Record excerpts
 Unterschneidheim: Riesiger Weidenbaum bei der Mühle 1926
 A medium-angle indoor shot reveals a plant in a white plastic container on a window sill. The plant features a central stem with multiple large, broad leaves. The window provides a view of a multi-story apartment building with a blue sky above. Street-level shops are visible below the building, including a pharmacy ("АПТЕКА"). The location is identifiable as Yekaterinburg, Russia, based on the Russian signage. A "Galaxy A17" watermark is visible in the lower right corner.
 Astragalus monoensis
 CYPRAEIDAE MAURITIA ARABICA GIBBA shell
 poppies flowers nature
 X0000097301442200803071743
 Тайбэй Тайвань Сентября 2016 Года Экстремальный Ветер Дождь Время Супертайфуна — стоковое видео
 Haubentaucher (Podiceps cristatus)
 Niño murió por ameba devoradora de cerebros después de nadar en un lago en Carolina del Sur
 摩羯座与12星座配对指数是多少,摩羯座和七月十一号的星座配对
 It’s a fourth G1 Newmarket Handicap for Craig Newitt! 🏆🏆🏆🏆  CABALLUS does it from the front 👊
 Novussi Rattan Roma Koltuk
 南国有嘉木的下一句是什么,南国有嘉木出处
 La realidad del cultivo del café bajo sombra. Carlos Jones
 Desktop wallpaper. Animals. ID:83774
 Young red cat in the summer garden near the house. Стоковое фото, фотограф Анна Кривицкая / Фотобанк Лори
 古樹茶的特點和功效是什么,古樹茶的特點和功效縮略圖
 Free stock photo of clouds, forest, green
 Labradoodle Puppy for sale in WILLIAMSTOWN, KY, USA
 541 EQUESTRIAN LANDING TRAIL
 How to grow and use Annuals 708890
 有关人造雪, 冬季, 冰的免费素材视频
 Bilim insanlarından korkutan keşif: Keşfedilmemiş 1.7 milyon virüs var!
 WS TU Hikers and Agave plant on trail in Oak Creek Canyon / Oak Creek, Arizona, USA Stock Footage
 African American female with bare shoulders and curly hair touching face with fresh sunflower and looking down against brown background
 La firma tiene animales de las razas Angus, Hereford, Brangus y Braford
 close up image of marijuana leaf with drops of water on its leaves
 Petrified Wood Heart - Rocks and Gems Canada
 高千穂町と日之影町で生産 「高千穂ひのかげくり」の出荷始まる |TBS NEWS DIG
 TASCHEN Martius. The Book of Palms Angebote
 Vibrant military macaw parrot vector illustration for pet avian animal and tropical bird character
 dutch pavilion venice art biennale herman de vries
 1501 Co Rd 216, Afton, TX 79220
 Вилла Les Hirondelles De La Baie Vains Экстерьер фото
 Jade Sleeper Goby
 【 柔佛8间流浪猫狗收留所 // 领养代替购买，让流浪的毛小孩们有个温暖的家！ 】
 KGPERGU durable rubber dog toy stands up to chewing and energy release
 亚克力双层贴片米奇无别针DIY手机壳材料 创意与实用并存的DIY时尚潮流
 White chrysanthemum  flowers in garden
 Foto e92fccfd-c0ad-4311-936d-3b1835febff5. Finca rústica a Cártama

What is required
Each line of the entries that contains the word "garden" should be listed.

The answer
 Young red cat in the summer garden near the house. Стоковое фото, фотограф Анна Кривицкая / Фотобанк Лори
 White chrysanthemum  flowers in garden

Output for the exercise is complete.